Opinion & Features

Albania returns to the fold

A cross bearing photographs of the 38 martyrs at a roundabout in Shkodër (AP)

For the Catholics of Albania, the past year has been remarkable. In December 2015 came the news of the death of Archbishop Rrok Mirdita of Tirana, the principal figure in the restoration of Catholicism after communism. He had been ordained by St John Paul II in April 1993 during the pope’s visit to a nation that had suffered by far the most severe religious persecution of any country in modern times.

Then this year, on September 4, Pope Francis canonised Mother Teresa of Calcutta, an ethnic Albanian. She had been born in Skopje, now the capital of Macedonia, in 1910, two years before the emergence of the modern state of Albania after 500 years of Ottoman rule.

Another significant event was the nomination as a cardinal of Fr Ernest Troshani Simoni, an 88-year-old priest who spent 28 years in labour camps. Pope Francis was moved to tears when the two men met in Tirana in 2014. Fr Simoni will receive his red hat on November 19.

Finally, last Saturday Vatican Cardinal Angelo Amato beatified 38 martyrs of the communist era in Shkodër Cathedral.

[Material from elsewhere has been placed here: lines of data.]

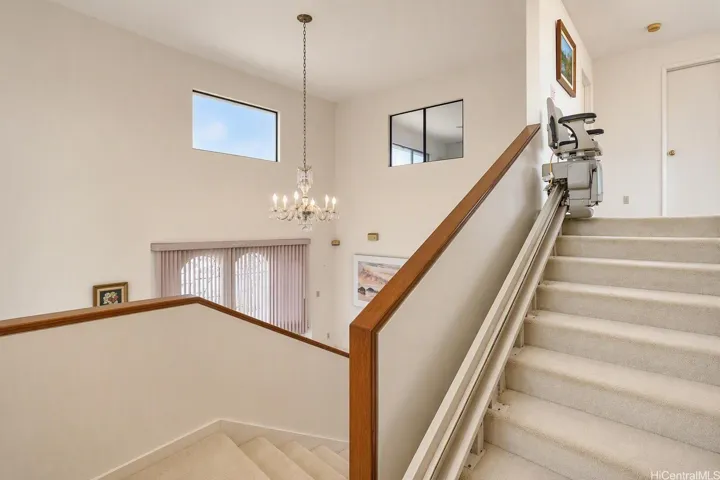 Stairs with stairlifts - Enhanced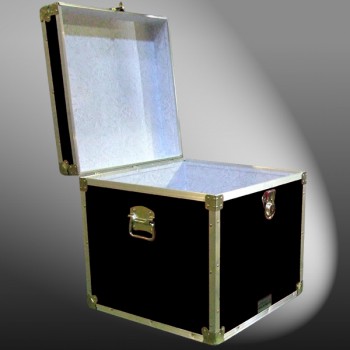 20-099 RE BLACK Cube Storage Trunk with Alloy Trim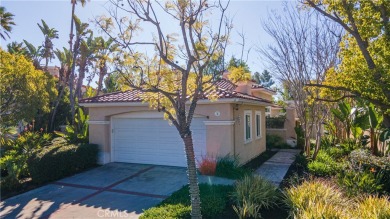 SINGLE LEVEL END UNIT TOWNHOME IN THE HIGHLY SOUGHT AFTER COTO on Coto De Caza Golf Club in California - for sale on GolfHomes.com, golf home, golf lot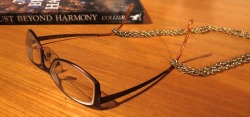 Cataracts reading glasses chain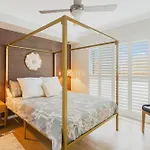 Bilinga Bliss - Luxury Beachfront Apartment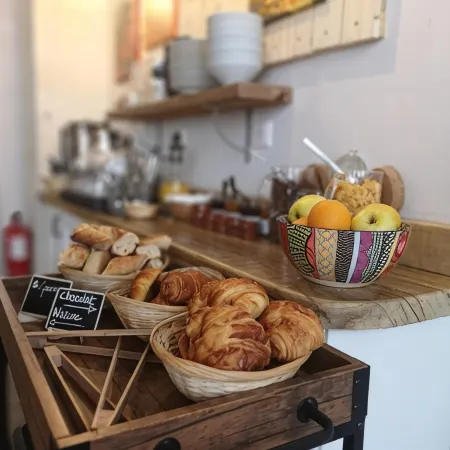 Georges Hostel & Café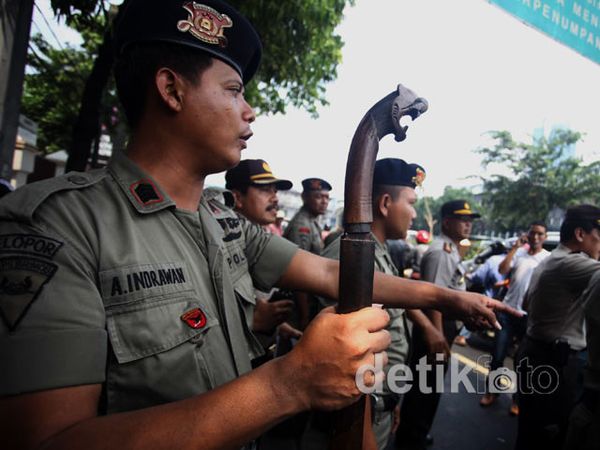 Polisi Sita Senjata Tajam Dari Massa Anti John Kei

Albania is the size of Wales, with a population of nearly three million. Albanians living in neighbouring countries and worldwide number roughly eight million. There are about 30,000 in Britain.

Albania was one of the oldest Christian civilisations, but on account of the Turkish occupation it is now the only majority Muslim country in Europe, with a minority of Catholics, predominantly in the north, and Orthodox, chiefly in the south.

The communist regimes of Enver Hoxha (1945-1985) and Ramiz Alia (1985-1991) ensured Albania’s isolation from the rest of the world. The communists launched a severe religious persecution which intensified in 1967 when Albania was declared to be the world’s first atheist state. Churches and mosques were either destroyed or given over to secular use. The Cathedral of St Stephen in Shkodër, consecrated in 1867, was turned into a sports hall. Parents had to baptise their children secretly and the use of Christian names was banned.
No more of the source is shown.